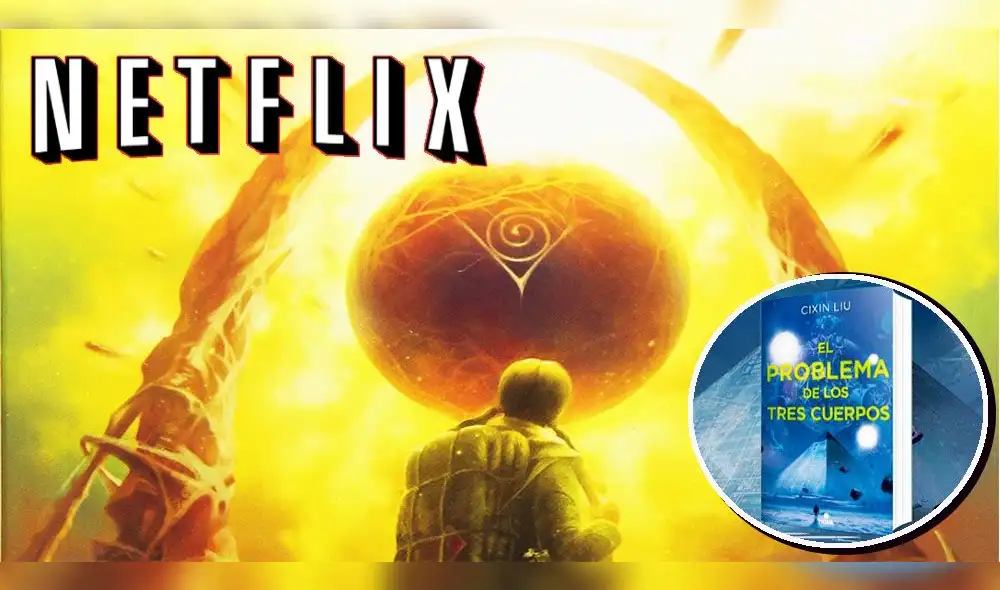 Netflix anuncia nueva adaptación literaria. Crédito: Composición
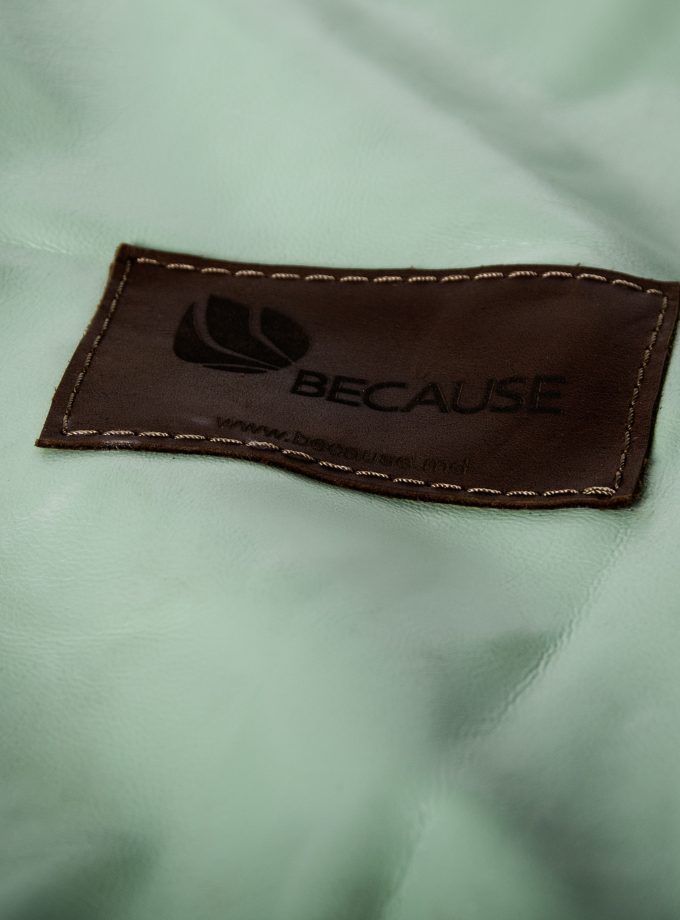 Pistachio Bean Bag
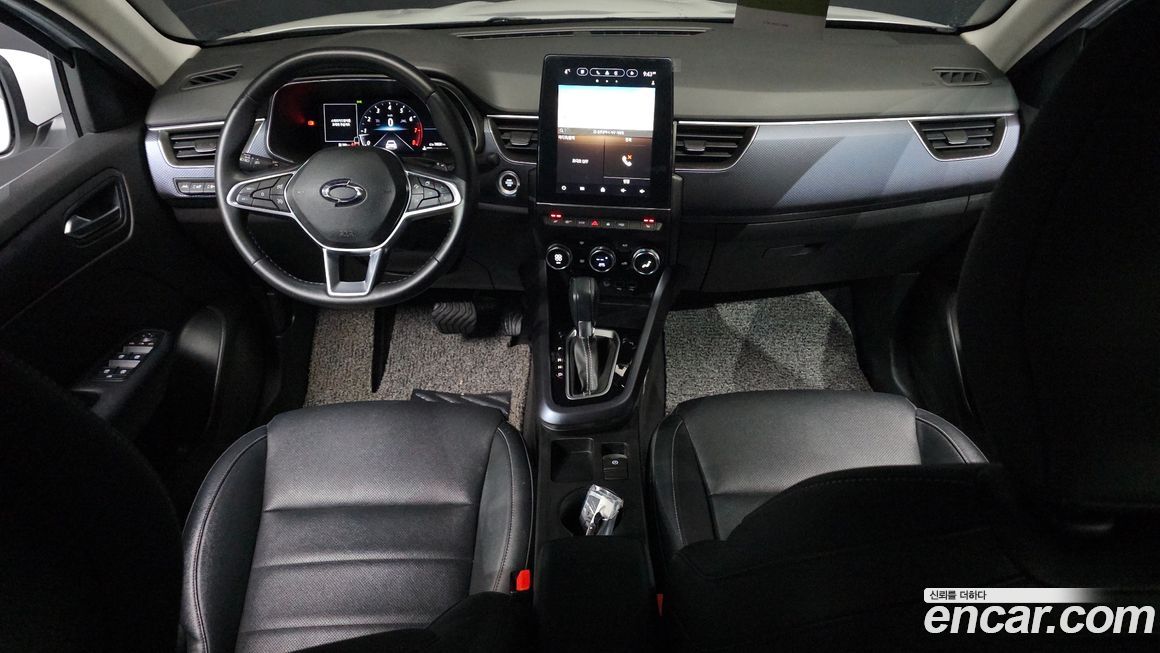 Renault-KoreaSamsung XM3 2020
┄┄┄┄┄┄┄┄┄┄
Leave the pictures out, and reproduce only the lines from the line holding "Pistachio Bean Bag" through the last line of the material, both included.

 Pistachio Bean Bag
 Renault-KoreaSamsung XM3 2020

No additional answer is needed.